» Input records
____

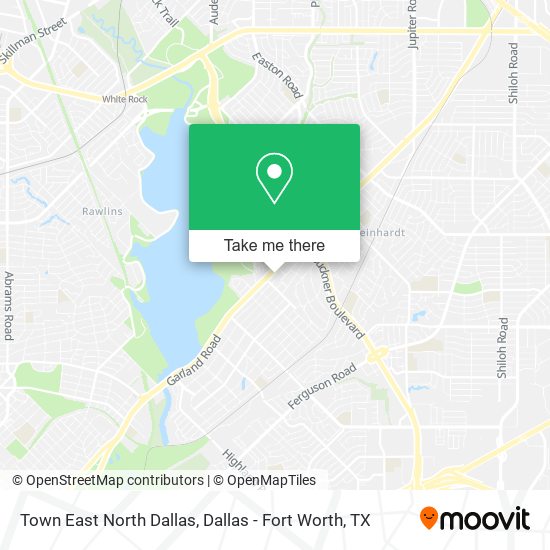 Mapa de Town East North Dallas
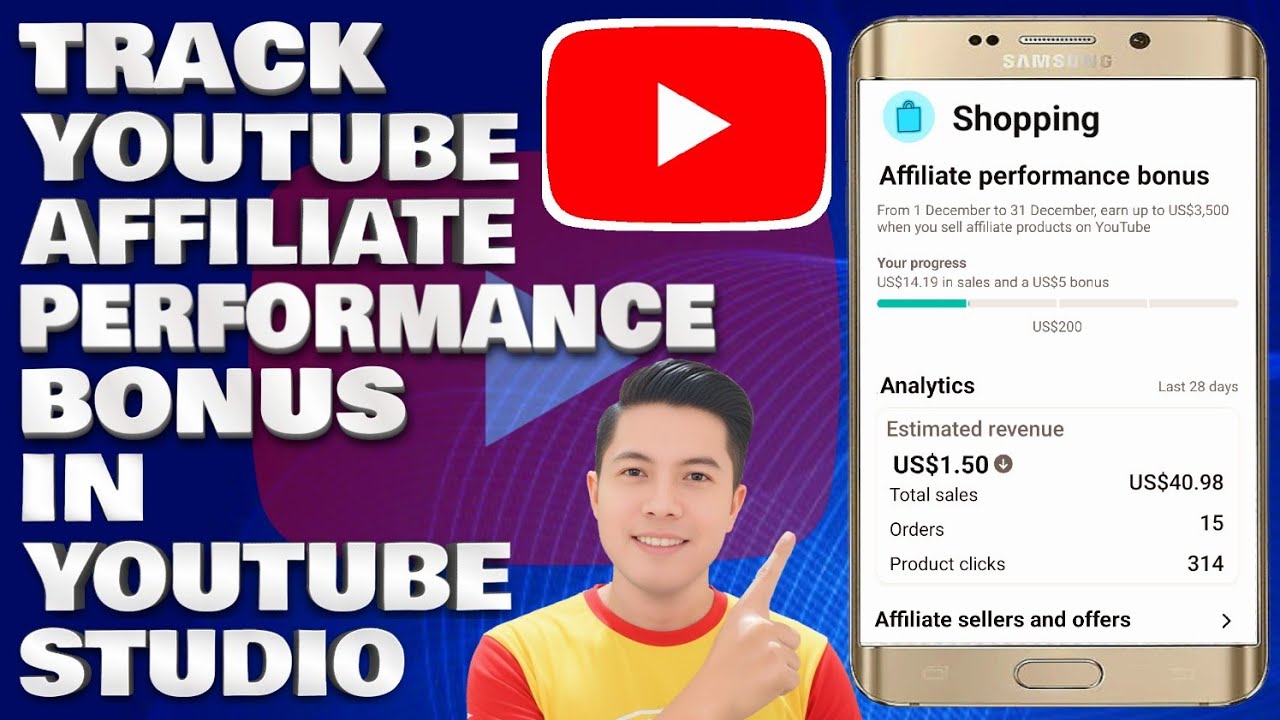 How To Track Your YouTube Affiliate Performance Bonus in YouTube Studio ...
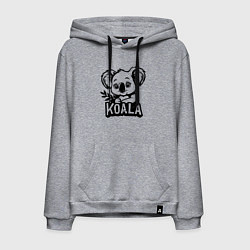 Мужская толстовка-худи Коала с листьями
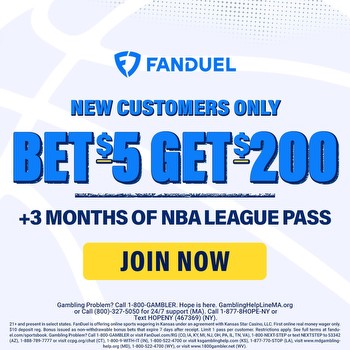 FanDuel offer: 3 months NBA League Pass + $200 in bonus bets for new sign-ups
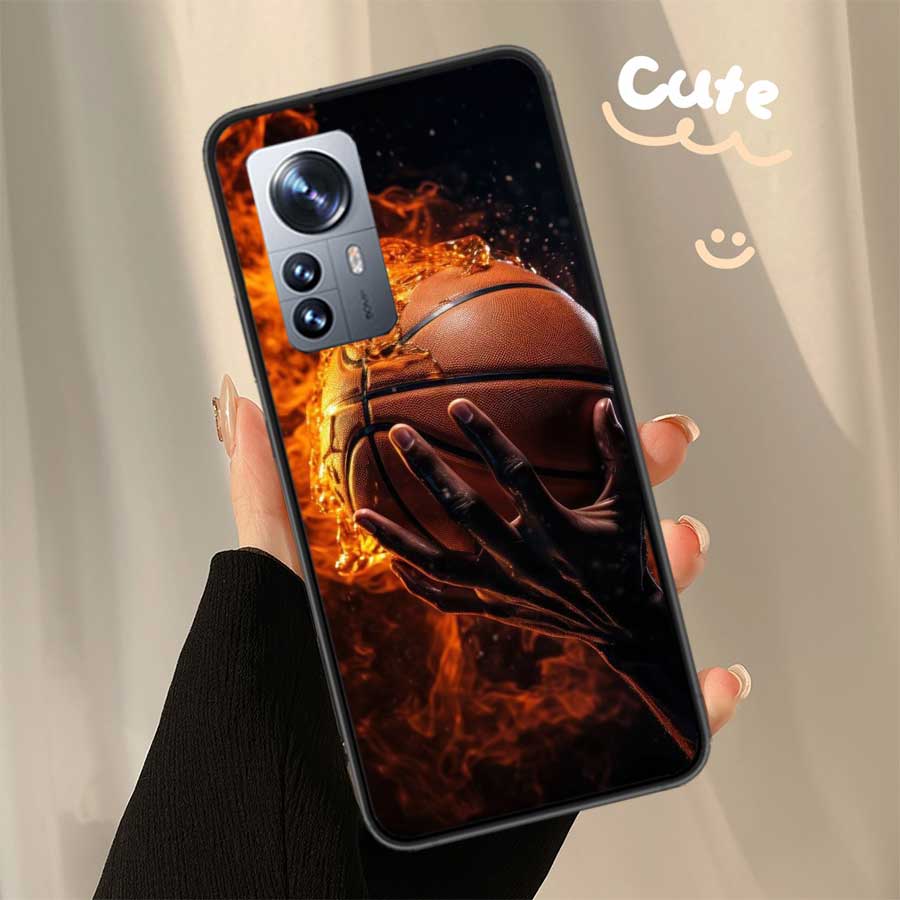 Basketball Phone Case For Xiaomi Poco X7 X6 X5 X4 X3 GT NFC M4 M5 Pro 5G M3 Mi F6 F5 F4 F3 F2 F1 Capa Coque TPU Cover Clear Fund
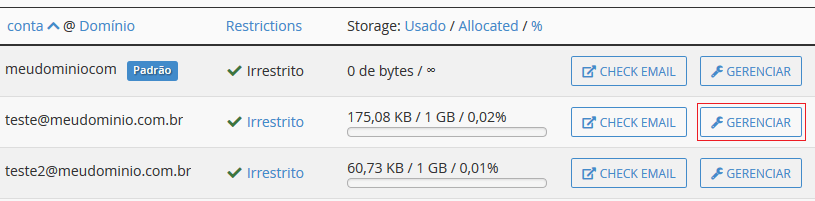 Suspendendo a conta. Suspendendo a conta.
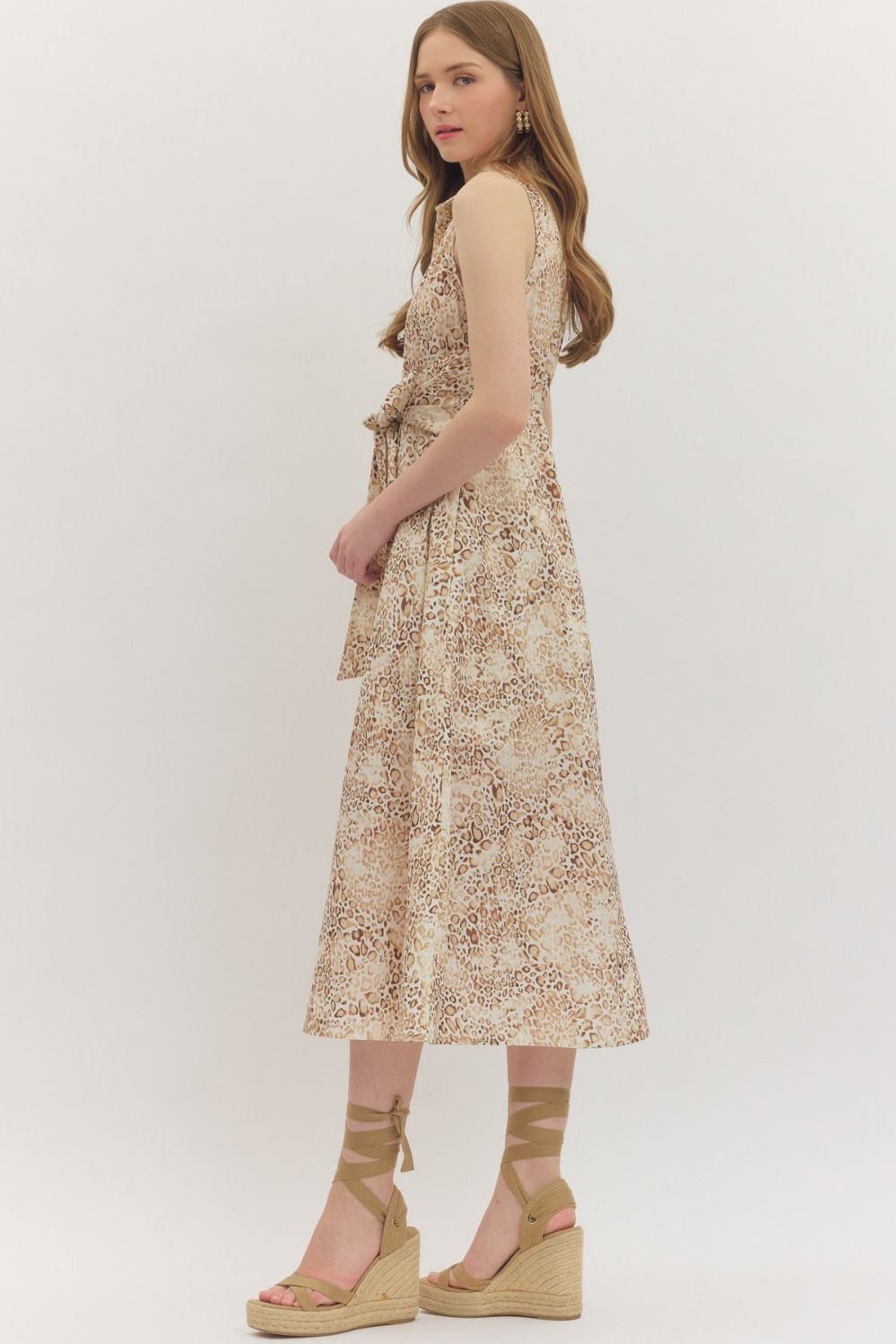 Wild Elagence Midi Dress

____

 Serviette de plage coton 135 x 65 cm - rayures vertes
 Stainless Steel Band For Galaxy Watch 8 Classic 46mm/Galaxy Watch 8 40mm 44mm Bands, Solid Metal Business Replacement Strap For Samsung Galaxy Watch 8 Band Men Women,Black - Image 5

____

» What is being asked
Exact repeat of the material above: every line from the one with "Mapa de Town East North Dallas" through the one with "Wild Elagence Midi Dress", endpoints included, and nothing more. No pictures.

» Reply
 Mapa de Town East North Dallas
 How To Track Your YouTube Affiliate Performance Bonus in YouTube Studio ...
 Мужская толстовка-худи Коала с листьями
 FanDuel offer: 3 months NBA League Pass + $200 in bonus bets for new sign-ups
 Basketball Phone Case For Xiaomi Poco X7 X6 X5 X4 X3 GT NFC M4 M5 Pro 5G M3 Mi F6 F5 F4 F3 F2 F1 Capa Coque TPU Cover Clear Fund
 Suspendendo a conta. Suspendendo a conta.
 Wild Elagence Midi Dress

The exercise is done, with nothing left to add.